Ed Bennett’s Decibel Ensemble is a 10-piece ensemble of Irish and UK musicians standing in a collective call for action. Cherry will perform with the ensemble, interweaving her texts throughout this expansive composition ranging from music of huge energy and rage to quiet and delicate introspection.
All Earth Once Drowned will have its World Premiere at the New Music Dublin Festival on 4 April, following performances in London and Belfast. More information here.
Awards
Edson Burton has won the Tinniswood Award for the best original audio drama script broadcast in 2024 for his BBC Radio 4 play Man Friday, a re-imagining of Daniel Defoe’s classic, Robinson Crusoe.

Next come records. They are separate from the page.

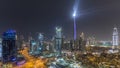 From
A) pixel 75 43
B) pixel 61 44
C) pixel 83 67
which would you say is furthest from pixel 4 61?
pixel 75 43

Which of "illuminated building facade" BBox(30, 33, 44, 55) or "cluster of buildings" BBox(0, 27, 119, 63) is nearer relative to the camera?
"cluster of buildings" BBox(0, 27, 119, 63)

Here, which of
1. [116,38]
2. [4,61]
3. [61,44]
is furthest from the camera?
[116,38]

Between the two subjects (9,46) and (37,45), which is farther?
(37,45)

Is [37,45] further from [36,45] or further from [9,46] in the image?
[9,46]

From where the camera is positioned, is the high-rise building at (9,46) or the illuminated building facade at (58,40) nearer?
the high-rise building at (9,46)

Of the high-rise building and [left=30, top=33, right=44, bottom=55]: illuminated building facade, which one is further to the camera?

Presented by actor and writer Paterson Joseph (pictured here with Edson), Edson’s win was announced at the BBC Audio Awards on Sunday 30 March.
The Tinniswood Award was established by the Writers Guild of Great Britain and The Society of Authors to celebrate high standards in radio drama and perpetuate the memory of writer Peter Tinniswood (1936-2003) and comes with a £3,000 prize donated by the Society of Authors.
Man Friday is available on BBC Sounds. Listen here.
Roy Williams has been awarded one of this year’s Windham-Campbell Prizes.
He is one of eight authors of fiction, nonfiction, poetry, and drama to receive this year’s international award in recognition of literary achievements or promise. Roy, along with fellow British playwright Matilda Feyiṣayọ Ibini, will each receive $175,000 to support their work.
The other 2025 recipients of Windham-Campbell Prizes are Anthony V. Capildeo, Rana Dasgupta, Tongo Eisen-Martin, Anne Enright, Sigrid Nunez and Patricia J. Williams.
Events and appearances
Charlie Hill is co-organising …With radiant hearts to a new adventure, an evening of storytelling in support of the Birmingham Hospice on 10 April.
The event will feature readings from six short story experts: Alan Beard, Kavita Bhanot, Helen Cross, Meave Haughey, Charlie Hill and Malachi McIntosh.
Claudine Toutoungi will be at Cuirt International Festival of Literature, Galway, Ireland on 11 April reading from her latest collection, Emotional Support Horse.
For more information and to buy tickets, visit the Cuirt Festival website.
Horatio Clare will be at Sherborne Travel Writing Festival on 13 April, talking about ways of travelling through trauma and his new book, Your Journey Your Way – How to Make the Mental Health System Work for You.
Building on his earlier book, Adventures in a Strange Country, Horatio will map the troubled mind, looking at the causes of mental health crises and how they can be turned to healing, recovery and post-traumatic growth.